Citing the results of recent pricing surveys from Towers Watson, MarketScout and the Council of Insurance Agents and Brokers, Moody's says in its Weekly Credit Outlook that commercial lines are seeing a pricing upswing for the first time since 2004.

"We believe the latest rate increase is significant as it signals the first firming trend in over seven years and backs up what a number of leading commercial-lines carriers have communicated in recent earnings calls," Moody's says.

The rating agency adds that the increased pricing trends reflect improved underwriting discipline in reaction to challenges such as lower reserve releases, weather-related losses, low investment yields and a sluggish economy.

However, Moody's says that while it expects "further price strengthening," the rate of increase will be gradual due to the industry's level of capital.

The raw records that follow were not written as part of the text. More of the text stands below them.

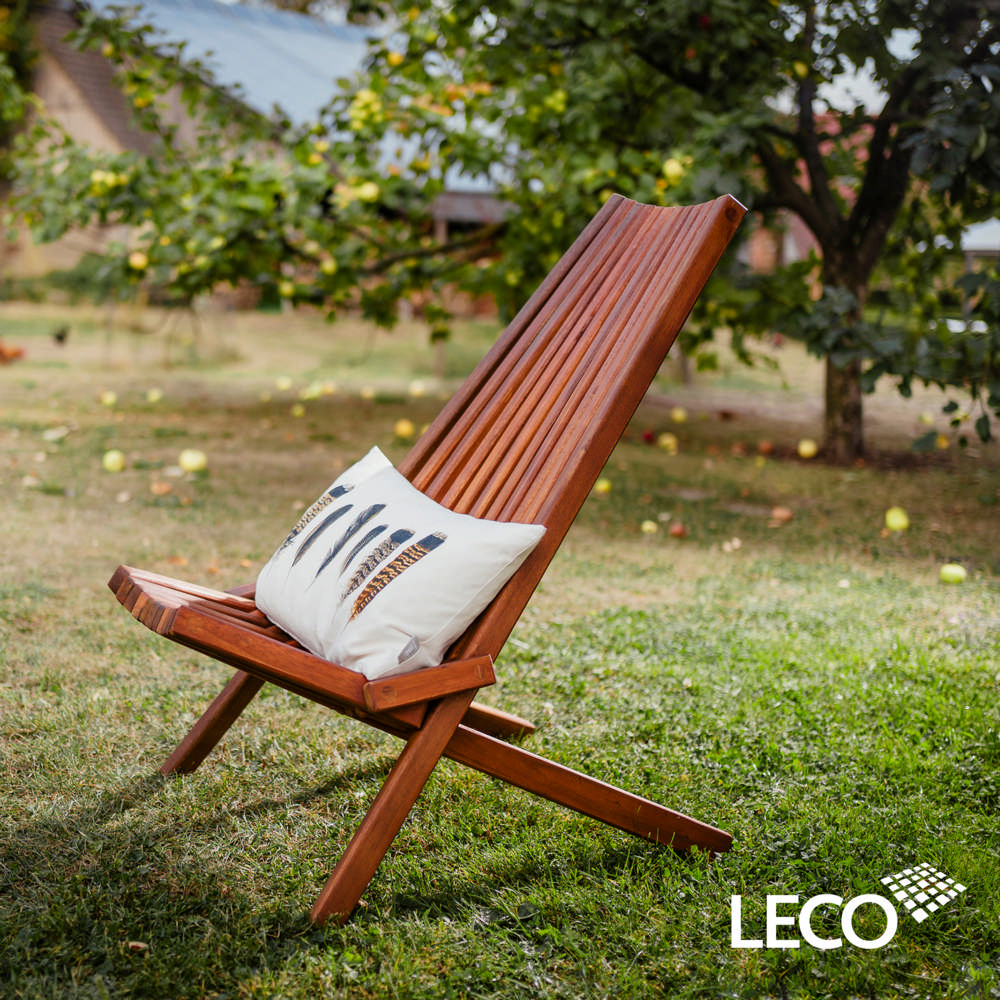 LECO Holzliegestuhl MIRA – Klappbarer Gartenstuhl aus wetterfestem Hartholz – Akazienholz FSC100%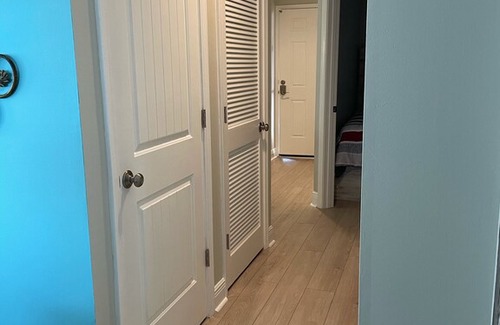 Holiday Isle Condo | Villa by the Sea @ Poolside Villa's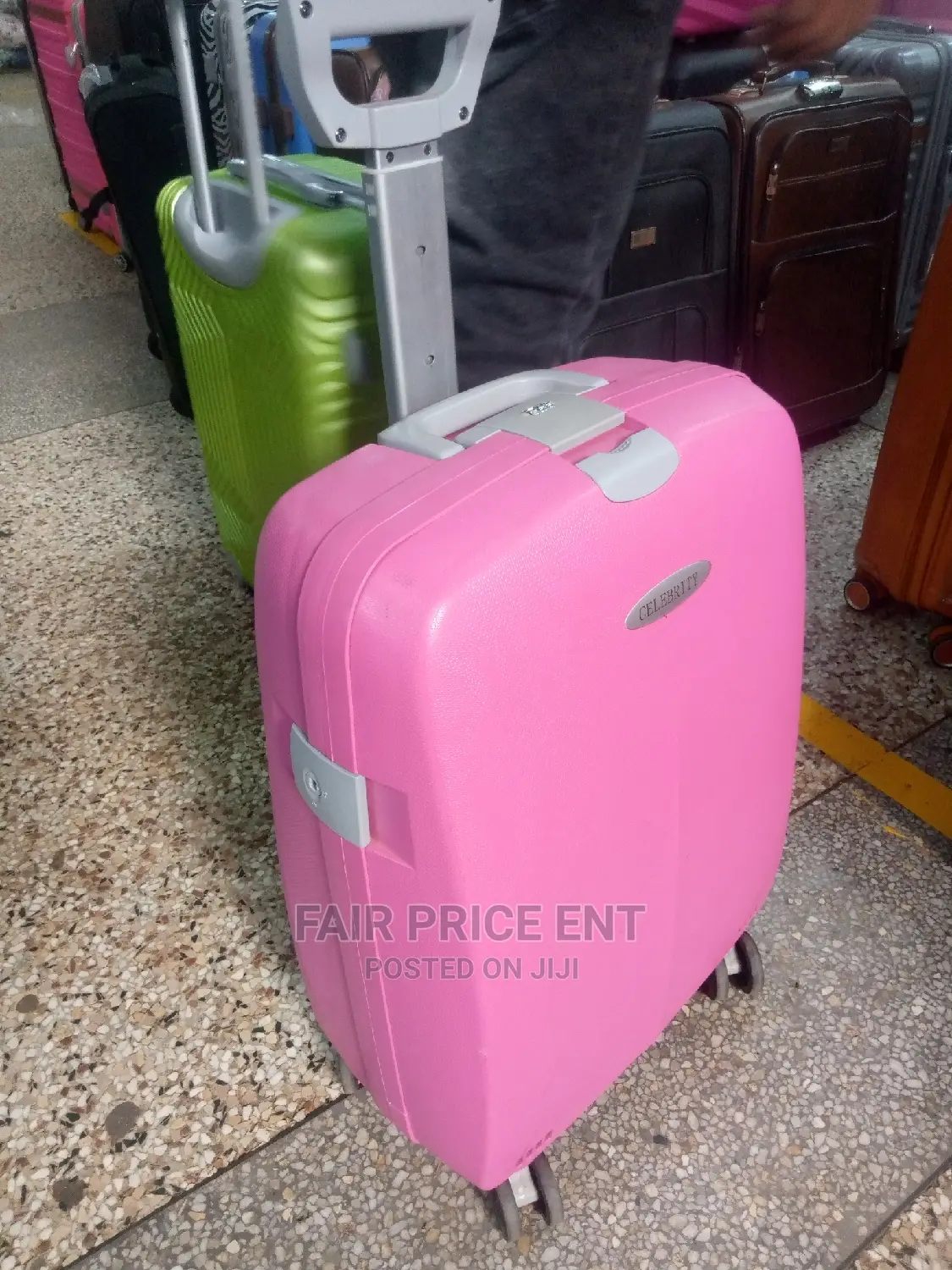 Vip Celebrity Honeymoon Plastic Suitcases.Medium.( Pink)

"Historically, significant price strengthening in the [property and casualty] sector has occurred because of a weakening of the industry's capital position," says Moody's. "Today, industry capital remains relatively strong. As such, we expect only measured rate improvements rather than the return of a 'hard market,' defined by high rates, low limits and restricted coverage."

Moody's also says that, even though most lines have seen the bottoming out of pricing declines, some are still experiencing rate decreases. Towers Watson's Commercial Lines Insurance Pricing Survey, for example, reveals that directors and officers liability rates show "significant declines for the second straight year," notes Moody's.

As for lines showing rate increases, Moody's says U.S. commercial property experienced rate increases for the second straight quarter, and workers' compensation rates increased for the third straight quarter. However, Moody's says workers' comp rates still remain inadequate to cover losses in 2012.